Human beings have long been fascinated with art. What stories does it tell, and what can we learn about ourselves from the things we create? Now, some doctors are investigating the therapeutic qualities of art. Both as part of the environment and as a part of treatment, patients are encountering art in doctors’ offices. Dr. Brooke Allen is a neurologist at Roaring Fork Neurology in Colorado investing in this idea. David Kline, a patient living with multiple sclerosis, shares his experiences with this new practice. Keep reading to learn more, or follow the original story here for more information.

What is Multiple Sclerosis?

Multiple sclerosis (MS) is a neurological condition affecting the brain’s communication with the rest of the body. In cases of MS, a person’s immune system attacks the protective covering of nerve cells known as myelin. When myelin is damaged or destroyed, the transmission of messages from the brain to the rest of the body becomes slowed or blocked entirely.

Multiple sclerosis may affect any and all parts of the body. Most commonly it affects the extremities, muscles, and eyes. Initial symptoms of MS typically appear between the ages of 20 and 40. Multiple sclerosis is characterized by weakness, numbness, loss of speech, and loss of bladder control. Though there is no treatment for multiple sclerosis, it is possible to treat the various symptoms of the condition.

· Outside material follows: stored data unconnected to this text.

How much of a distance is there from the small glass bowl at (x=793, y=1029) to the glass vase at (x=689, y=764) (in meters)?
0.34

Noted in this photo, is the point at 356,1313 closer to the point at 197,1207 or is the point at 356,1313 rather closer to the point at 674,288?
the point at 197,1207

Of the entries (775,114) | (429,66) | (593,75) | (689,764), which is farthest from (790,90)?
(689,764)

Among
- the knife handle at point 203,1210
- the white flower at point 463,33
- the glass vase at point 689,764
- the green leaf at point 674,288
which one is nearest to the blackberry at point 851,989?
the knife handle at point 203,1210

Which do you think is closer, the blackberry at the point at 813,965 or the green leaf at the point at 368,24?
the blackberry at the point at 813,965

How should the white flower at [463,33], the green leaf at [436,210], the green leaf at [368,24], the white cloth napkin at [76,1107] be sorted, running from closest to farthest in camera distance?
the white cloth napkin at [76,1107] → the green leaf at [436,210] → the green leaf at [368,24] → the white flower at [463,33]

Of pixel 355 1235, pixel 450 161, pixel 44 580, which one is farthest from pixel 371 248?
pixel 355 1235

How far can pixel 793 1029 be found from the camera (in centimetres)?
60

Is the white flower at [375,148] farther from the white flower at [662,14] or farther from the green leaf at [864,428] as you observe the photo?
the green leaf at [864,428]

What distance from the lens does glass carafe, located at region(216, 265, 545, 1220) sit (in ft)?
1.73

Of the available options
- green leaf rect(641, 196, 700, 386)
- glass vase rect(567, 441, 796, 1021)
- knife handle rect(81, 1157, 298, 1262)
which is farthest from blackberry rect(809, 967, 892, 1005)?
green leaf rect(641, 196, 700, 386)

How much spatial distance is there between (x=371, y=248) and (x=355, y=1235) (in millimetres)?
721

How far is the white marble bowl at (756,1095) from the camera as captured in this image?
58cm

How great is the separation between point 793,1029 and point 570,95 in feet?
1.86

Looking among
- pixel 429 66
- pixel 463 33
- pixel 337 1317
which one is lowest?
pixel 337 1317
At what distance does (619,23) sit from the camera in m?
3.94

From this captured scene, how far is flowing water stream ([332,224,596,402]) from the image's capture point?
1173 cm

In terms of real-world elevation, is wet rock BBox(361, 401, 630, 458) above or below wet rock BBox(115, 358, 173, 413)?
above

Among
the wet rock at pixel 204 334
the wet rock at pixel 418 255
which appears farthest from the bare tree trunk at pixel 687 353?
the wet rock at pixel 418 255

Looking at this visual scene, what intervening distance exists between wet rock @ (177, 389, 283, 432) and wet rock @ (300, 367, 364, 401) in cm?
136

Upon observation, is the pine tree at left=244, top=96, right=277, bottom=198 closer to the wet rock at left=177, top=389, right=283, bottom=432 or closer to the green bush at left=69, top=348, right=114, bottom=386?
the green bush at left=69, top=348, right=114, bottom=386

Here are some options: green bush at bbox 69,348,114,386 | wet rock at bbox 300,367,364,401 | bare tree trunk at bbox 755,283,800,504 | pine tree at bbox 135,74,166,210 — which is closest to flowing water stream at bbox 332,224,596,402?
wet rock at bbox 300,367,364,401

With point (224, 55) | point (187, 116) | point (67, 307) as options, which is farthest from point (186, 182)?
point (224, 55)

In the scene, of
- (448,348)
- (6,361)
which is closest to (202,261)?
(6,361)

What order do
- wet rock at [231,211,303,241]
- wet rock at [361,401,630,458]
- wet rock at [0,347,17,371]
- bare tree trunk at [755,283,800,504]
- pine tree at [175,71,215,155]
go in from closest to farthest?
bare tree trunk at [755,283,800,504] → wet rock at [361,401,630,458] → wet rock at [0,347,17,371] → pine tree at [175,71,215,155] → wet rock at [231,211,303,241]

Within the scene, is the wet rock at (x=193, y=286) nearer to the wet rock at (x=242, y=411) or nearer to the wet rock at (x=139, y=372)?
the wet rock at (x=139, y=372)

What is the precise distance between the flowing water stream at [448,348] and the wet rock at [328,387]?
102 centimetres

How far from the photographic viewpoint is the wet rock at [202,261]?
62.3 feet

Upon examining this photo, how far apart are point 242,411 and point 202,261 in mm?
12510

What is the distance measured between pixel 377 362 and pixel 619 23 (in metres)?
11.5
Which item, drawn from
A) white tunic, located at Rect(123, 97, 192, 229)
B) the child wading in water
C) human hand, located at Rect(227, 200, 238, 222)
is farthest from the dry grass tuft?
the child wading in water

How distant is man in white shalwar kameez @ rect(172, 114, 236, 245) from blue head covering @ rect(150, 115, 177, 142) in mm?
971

David Kline is a frequent visitor to Dr. Allen’s office. His multiple sclerosis necessitates him coming in at least once each week for an infusion. Each visits lasts several hours. David spends a lot of it waiting. One of the things David notices often is a large painting on the wall. It’s got a look that reminds the viewer of the ocean during a storm. The wavelike shapes are a dark blue while white clouds gather above. David describes the painting as comforting. It’s an open, relaxing environment.

The painting was created by Erin Rigney for Dr. Allen. It’s part of a series called “Brainwaves” which imitate the movements of neural activity on paper. The artists describes the idea behind the painting as an attempt to capture the experience of being in the clinic. There’s a sort of unsettled quality at first that flows into comfort. Rigney says its like being held.

Rigney says she knows what this experience is like because she has been a patient at Dr. Allen’s clinic. When Allen moved into a new office she wanted to avoid the sense of sterility that comes with so many hospitals. She says that the soothing quality of the art work actually makes her job easier.

Art in Action

Allen stand behind the notion that art is powerful. There’s been research, she says, that shows creating art is good for the brain. Art appears to be effective for reducing stress, decreasing likelihood of depression, and creates a greater sense of well-being for patients with chronic conditions.

Patient’s of Dr. Allen have the opportunity to experience these benefits first hand. Part of their therapies may include visual journaling or art classes. Erin Rigney even assists in teaching some of them. Another benefit of the art is that it has a physical component. It’s a multisensory approach to medicine. Allen describes this approach as critical. When treating patients with chronic conditions, such as multiple sclerosis, this active element of treatment can be very helpful.